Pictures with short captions

⟨

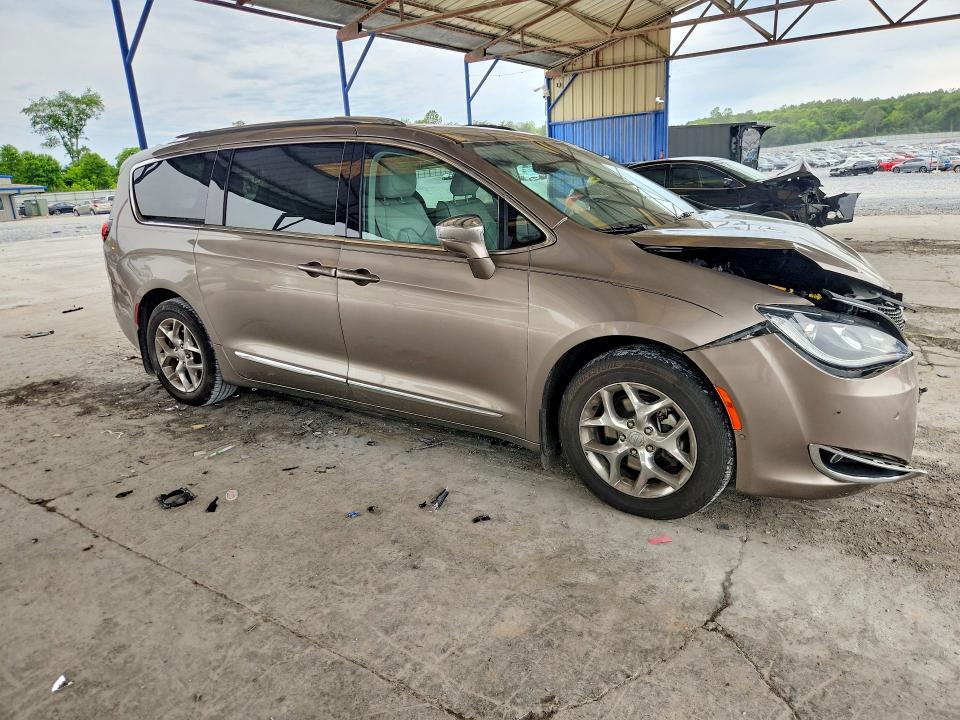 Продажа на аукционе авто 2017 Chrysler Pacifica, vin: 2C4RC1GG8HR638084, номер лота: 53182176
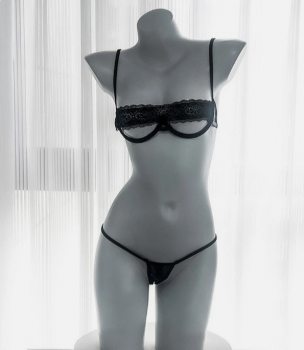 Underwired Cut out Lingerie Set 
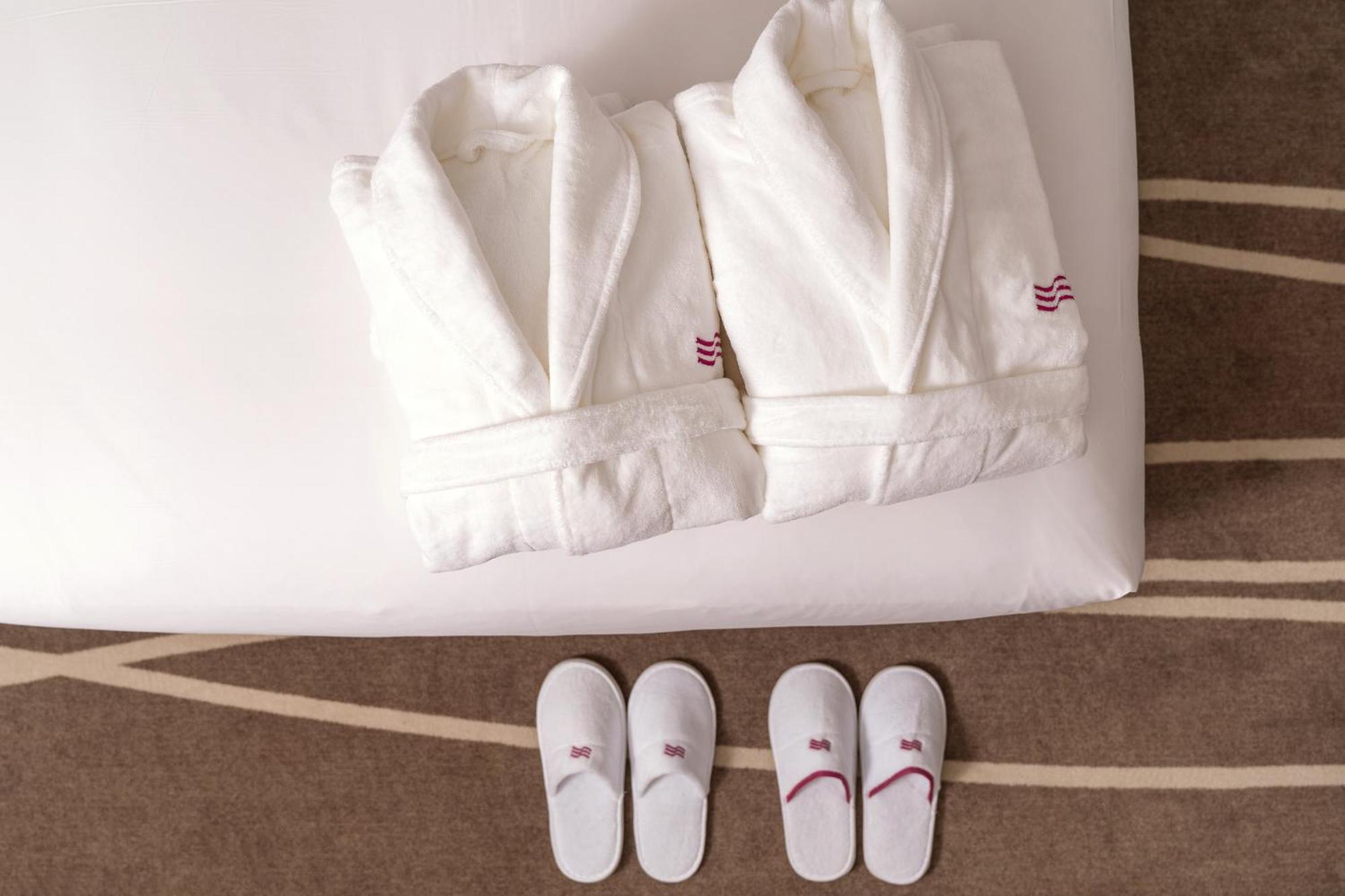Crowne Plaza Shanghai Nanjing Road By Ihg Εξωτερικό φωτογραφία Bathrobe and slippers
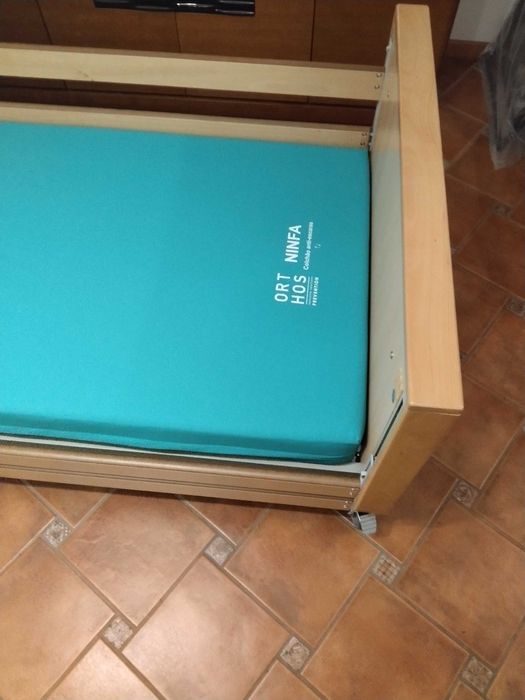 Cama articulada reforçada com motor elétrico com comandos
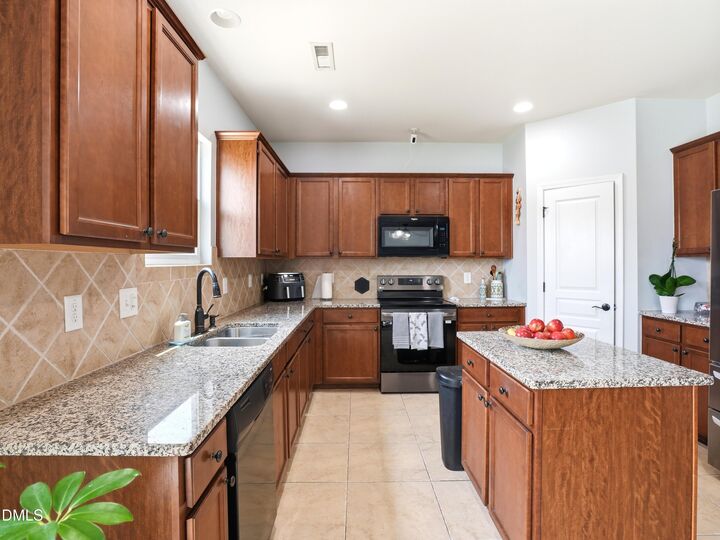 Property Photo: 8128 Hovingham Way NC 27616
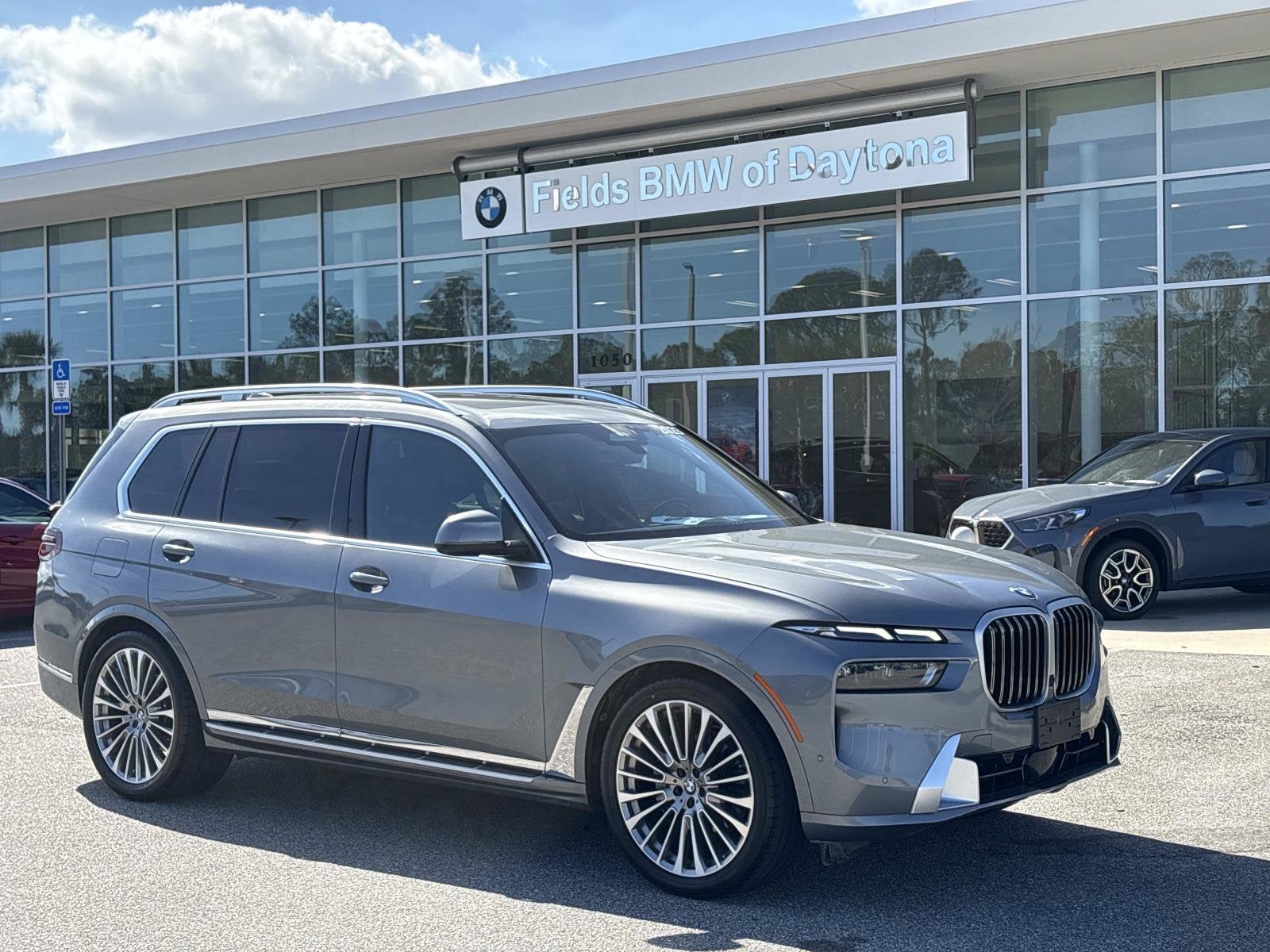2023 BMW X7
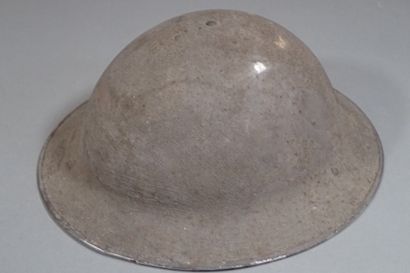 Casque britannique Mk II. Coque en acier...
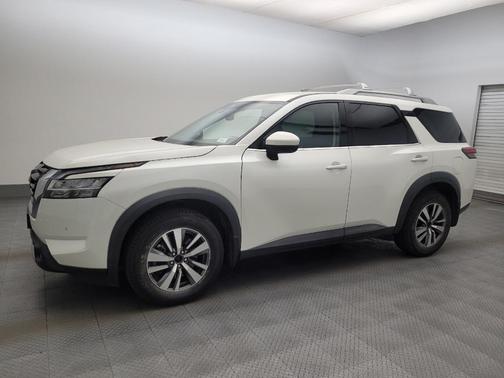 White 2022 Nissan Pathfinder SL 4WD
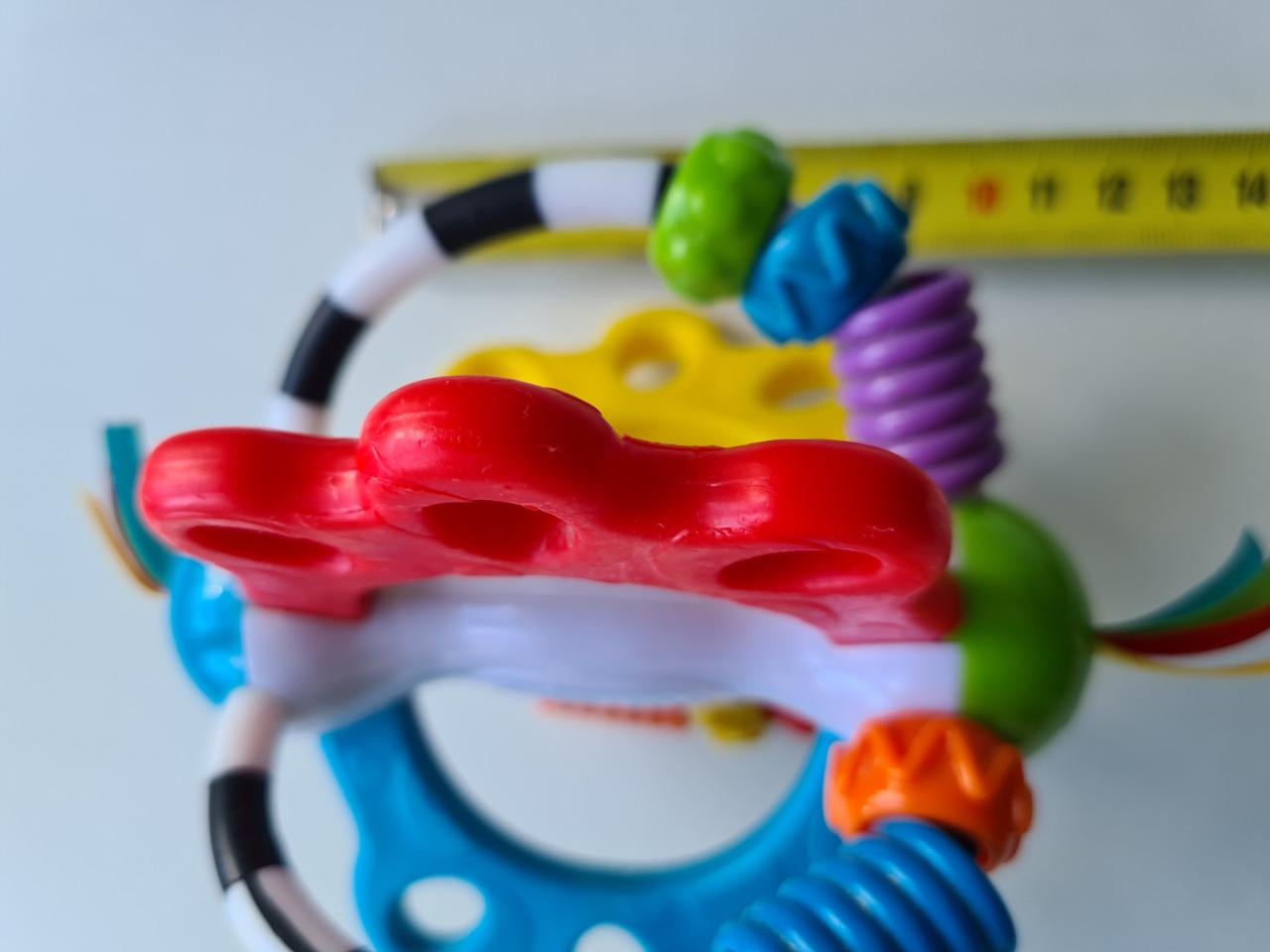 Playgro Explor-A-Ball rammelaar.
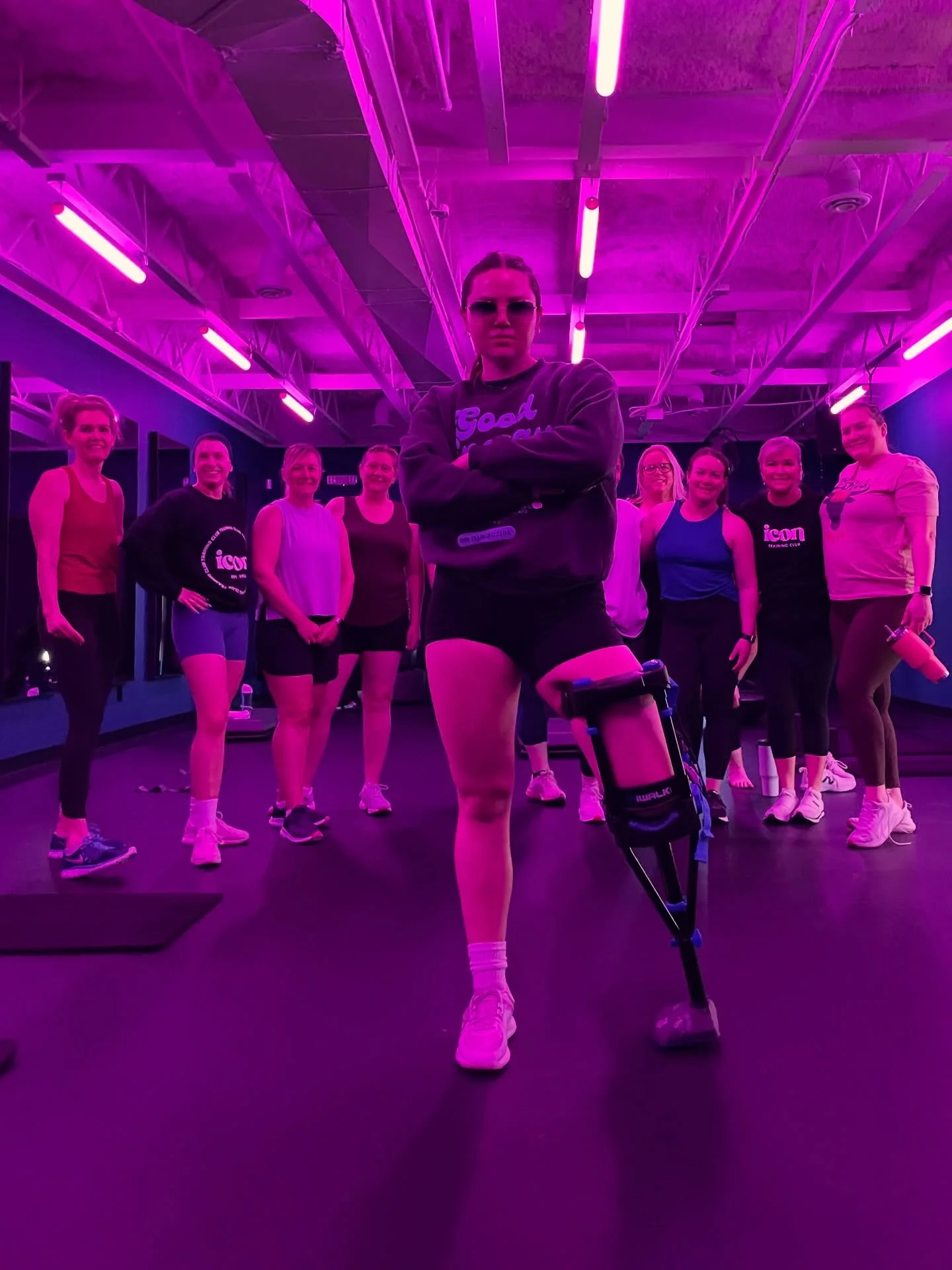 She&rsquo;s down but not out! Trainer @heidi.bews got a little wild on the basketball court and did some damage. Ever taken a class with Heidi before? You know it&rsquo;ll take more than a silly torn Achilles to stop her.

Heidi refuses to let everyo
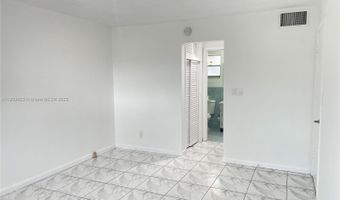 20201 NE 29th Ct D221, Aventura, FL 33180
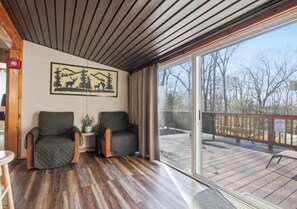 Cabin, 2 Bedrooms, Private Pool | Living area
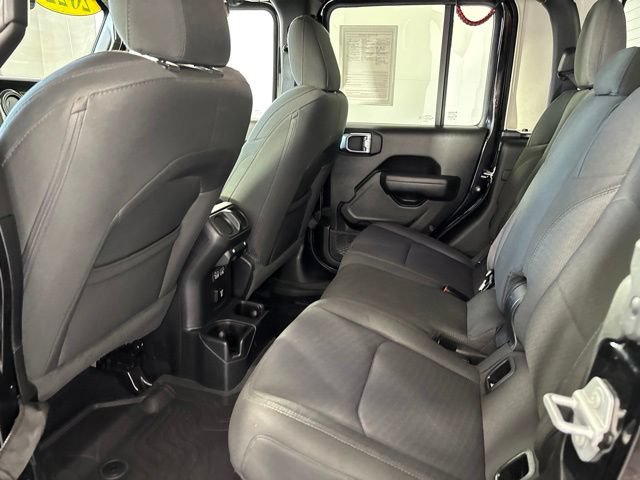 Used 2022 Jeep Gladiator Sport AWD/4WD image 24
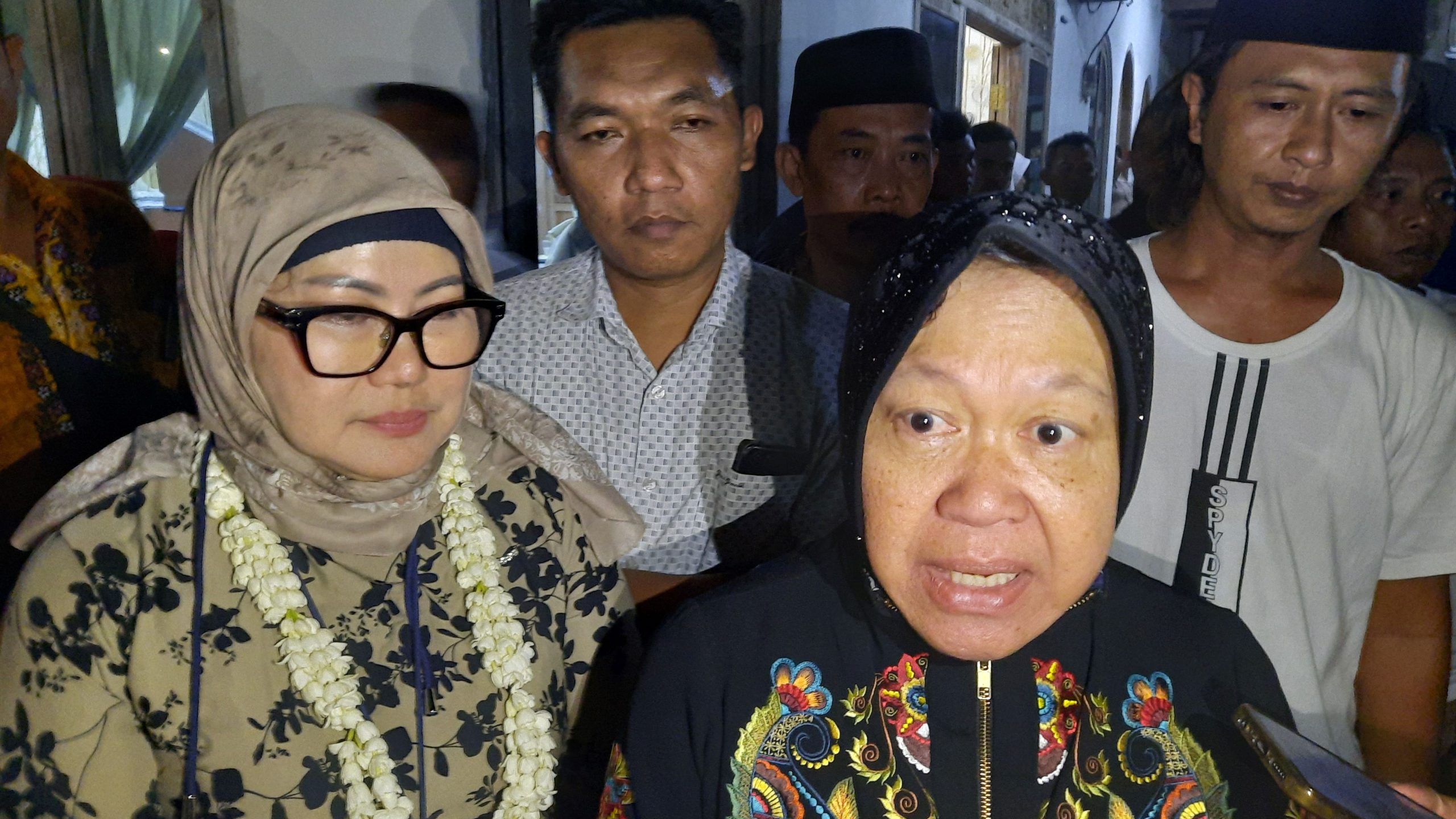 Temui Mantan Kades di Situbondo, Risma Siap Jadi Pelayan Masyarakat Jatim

⟩

### Aim of the exercise
If the records contain pictures, skip them, and transcribe exactly every line from the one with "Cabin, 2 Bedrooms, Private" through the last line.

### Result of this exercise
 Cabin, 2 Bedrooms, Private Pool | Living area
 Used 2022 Jeep Gladiator Sport AWD/4WD image 24
 Temui Mantan Kades di Situbondo, Risma Siap Jadi Pelayan Masyarakat Jatim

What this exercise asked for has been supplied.